▶ Image-text web data
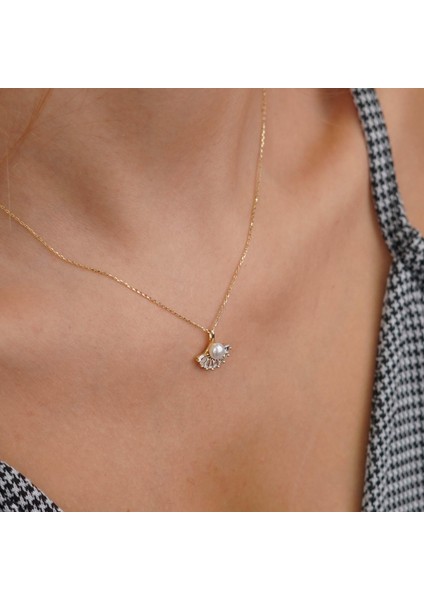 İncili Yelpaze Kolye fırsatları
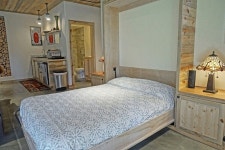 Pet-friendly studio apartment, high quality finish (213519 - 1012) in Grand Lake | Best Rates & Deals on Orbitz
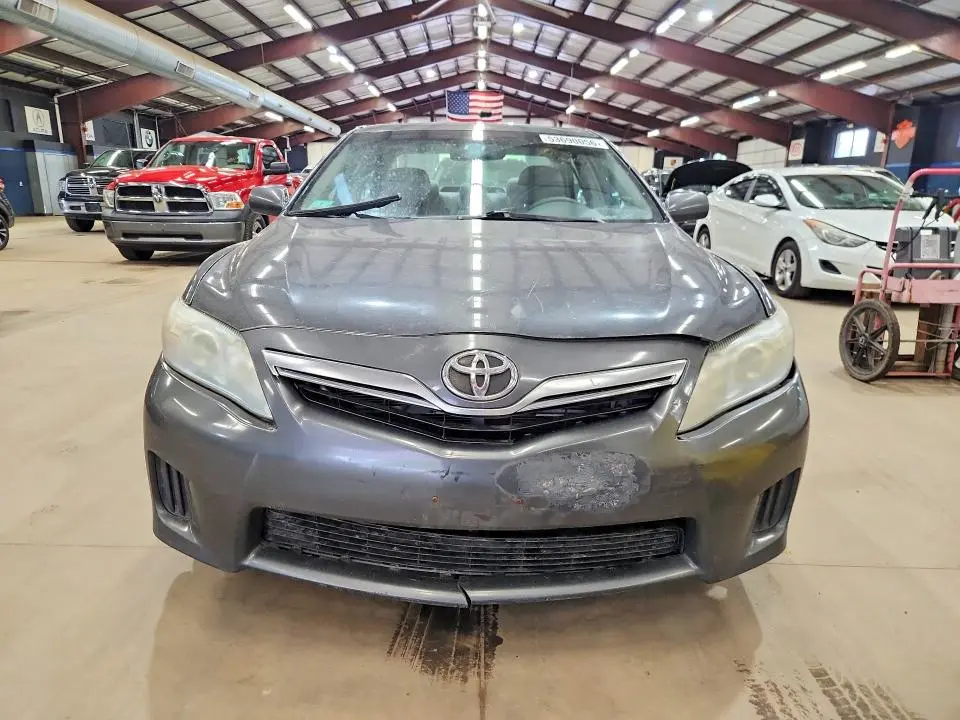 2011 TOYOTA CAMRY HYBRID  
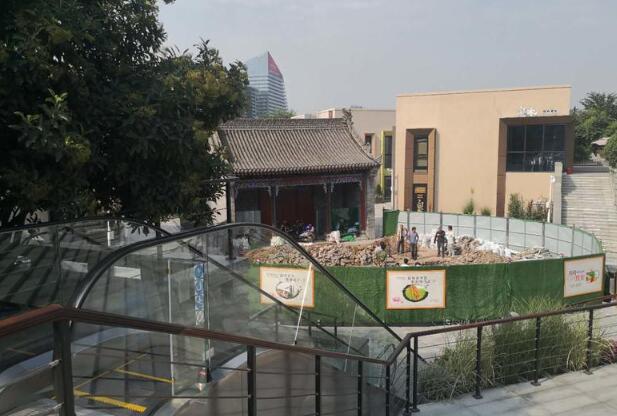 曲江寒窑遗址公园东门施工不断 刚修好的玻璃房又被拆除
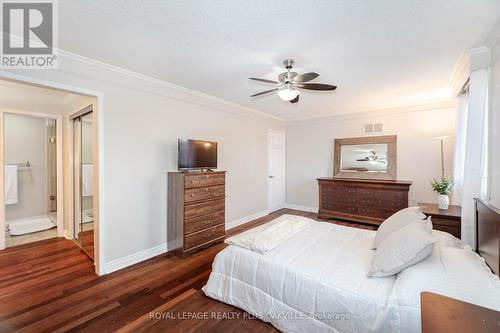 2128 Wincanton Crescent, Mississauga, ON - Indoor Photo Showing Bedroom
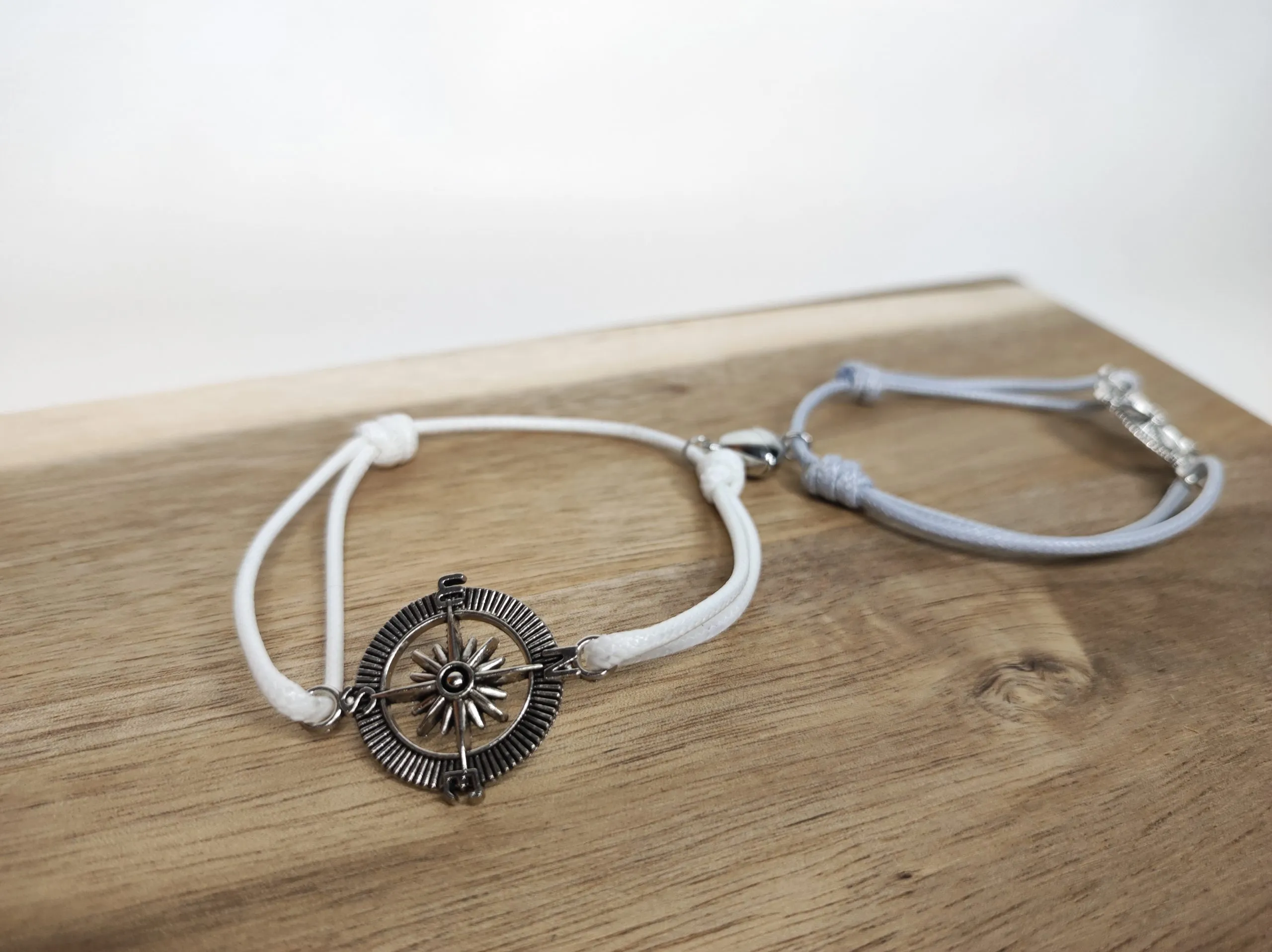Bracelets Couple – Boussole Magnétiques Coeur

▶ The task
Each entry above should come back word for word, and no picture should come with it.

▶ Task result
 İncili Yelpaze Kolye fırsatları
 Pet-friendly studio apartment, high quality finish (213519 - 1012) in Grand Lake | Best Rates & Deals on Orbitz
 2011 TOYOTA CAMRY HYBRID  
 曲江寒窑遗址公园东门施工不断 刚修好的玻璃房又被拆除
 2128 Wincanton Crescent, Mississauga, ON - Indoor Photo Showing Bedroom
Bracelets Couple – Boussole Magnétiques Coeur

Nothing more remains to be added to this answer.